Starting at the top of the records below and ending with the line that contains "Liooil, сексуальные, Клубные, черные, белые, с", print each line exactly as written, skipping the pictures.
....................
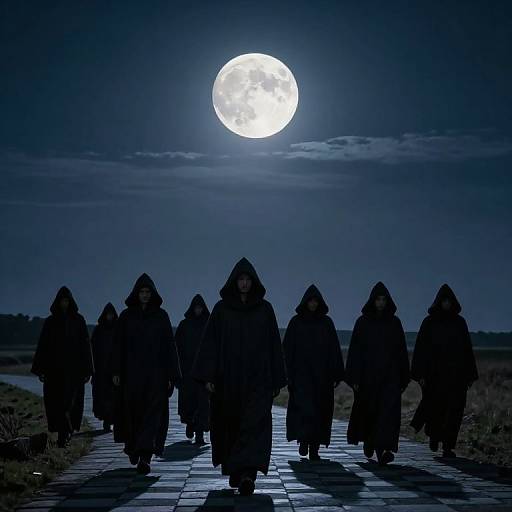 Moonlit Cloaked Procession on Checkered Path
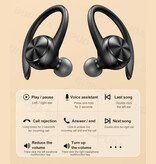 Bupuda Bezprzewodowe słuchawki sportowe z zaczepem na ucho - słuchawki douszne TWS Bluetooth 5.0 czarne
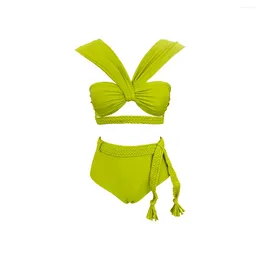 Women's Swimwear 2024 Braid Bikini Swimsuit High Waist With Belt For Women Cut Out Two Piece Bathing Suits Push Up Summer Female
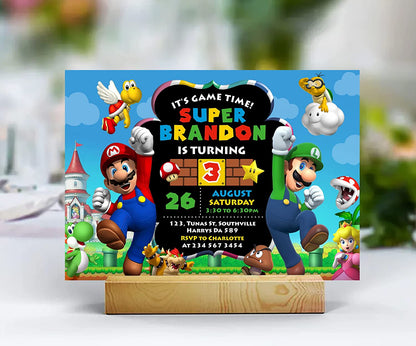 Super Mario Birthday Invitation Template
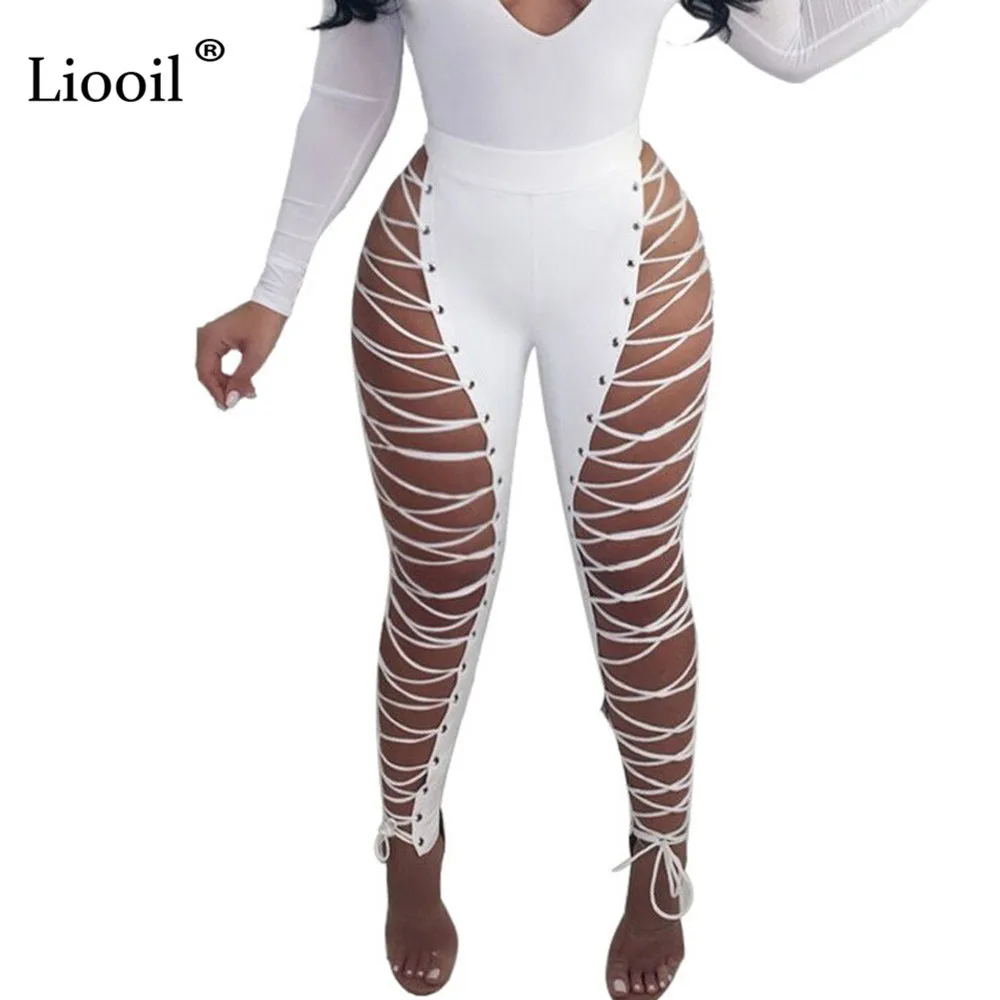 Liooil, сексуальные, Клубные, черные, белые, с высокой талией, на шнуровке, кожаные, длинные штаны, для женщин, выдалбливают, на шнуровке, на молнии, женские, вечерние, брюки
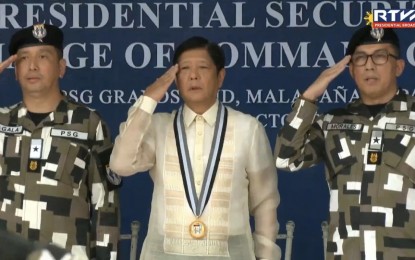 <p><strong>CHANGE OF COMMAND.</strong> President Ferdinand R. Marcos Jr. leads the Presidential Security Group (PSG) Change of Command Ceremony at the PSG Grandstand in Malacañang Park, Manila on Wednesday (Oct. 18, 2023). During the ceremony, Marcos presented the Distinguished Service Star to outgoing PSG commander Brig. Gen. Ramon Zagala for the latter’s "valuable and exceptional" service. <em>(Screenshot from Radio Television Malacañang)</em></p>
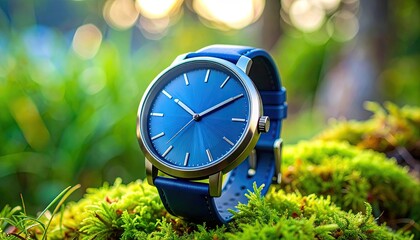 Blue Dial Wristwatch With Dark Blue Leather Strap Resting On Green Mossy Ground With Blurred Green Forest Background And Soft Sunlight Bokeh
....................
● **Result below**
 Moonlit Cloaked Procession on Checkered Path
 Bupuda Bezprzewodowe słuchawki sportowe z zaczepem na ucho - słuchawki douszne TWS Bluetooth 5.0 czarne
 Women's Swimwear 2024 Braid Bikini Swimsuit High Waist With Belt For Women Cut Out Two Piece Bathing Suits Push Up Summer Female
 Super Mario Birthday Invitation Template
 Liooil, сексуальные, Клубные, черные, белые, с высокой талией, на шнуровке, кожаные, длинные штаны, для женщин, выдалбливают, на шнуровке, на молнии, женские, вечерние, брюки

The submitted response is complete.